Listed entries:
#####

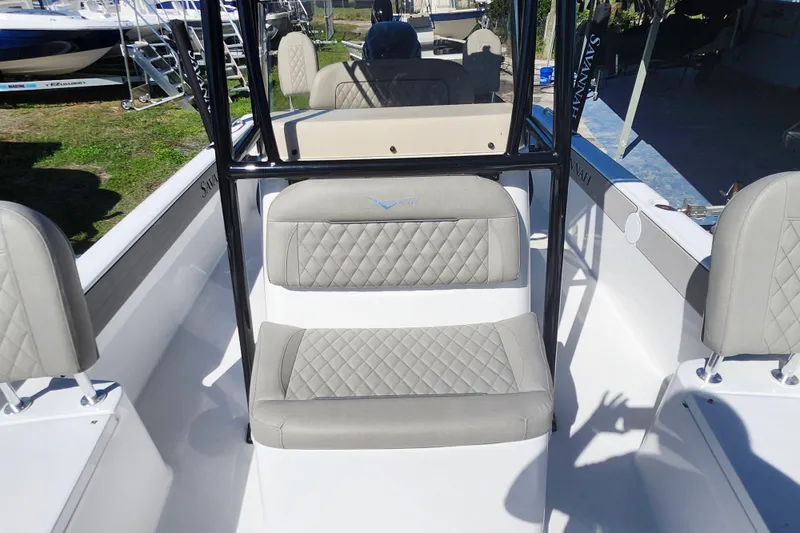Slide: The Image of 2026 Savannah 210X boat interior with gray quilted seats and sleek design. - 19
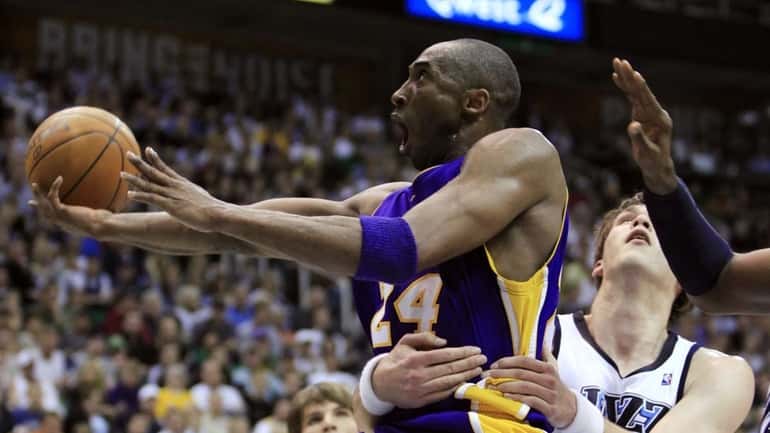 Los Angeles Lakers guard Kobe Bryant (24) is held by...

#####

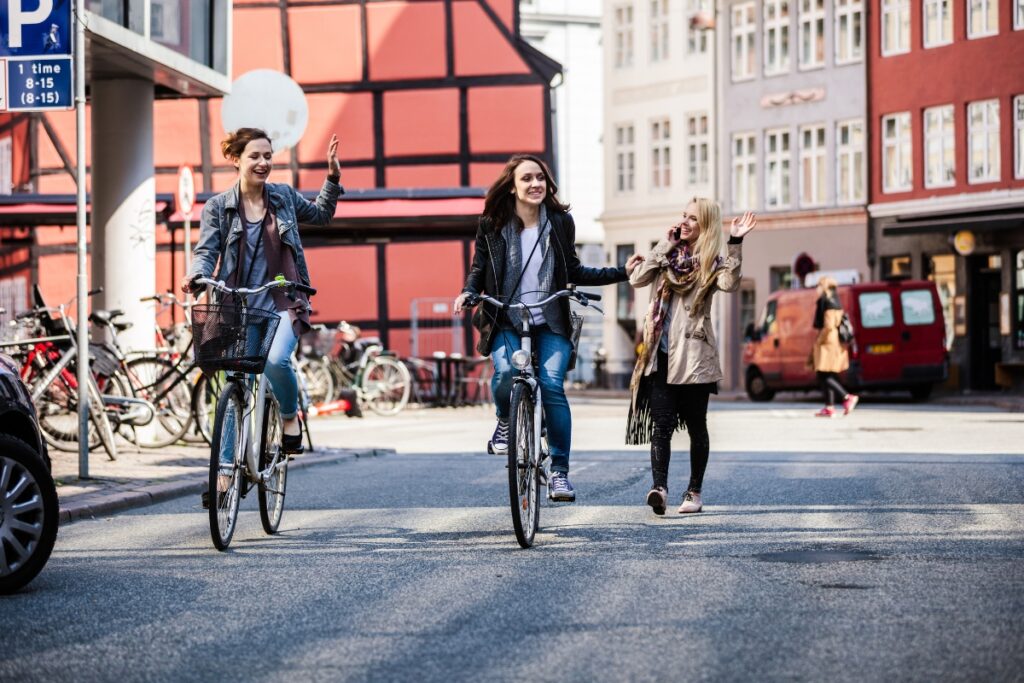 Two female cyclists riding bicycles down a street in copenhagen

#####

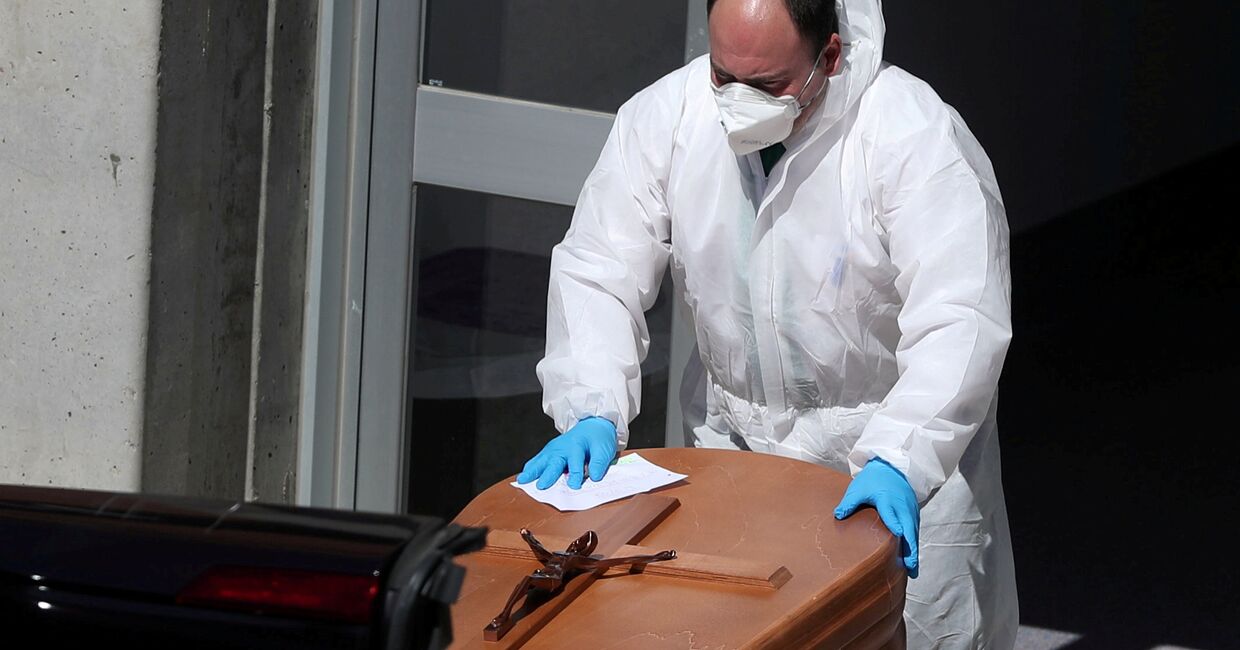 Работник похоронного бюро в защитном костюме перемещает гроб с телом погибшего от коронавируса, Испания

#####

Exercise prompt: Restate word for word every line from the one with "Slide: The Image" up to and including the one with "Los Angeles Lakers" in the records above, minus the pictures.

Response for this exercise:
Slide: The Image of 2026 Savannah 210X boat interior with gray quilted seats and sleek design. - 19
 Los Angeles Lakers guard Kobe Bryant (24) is held by...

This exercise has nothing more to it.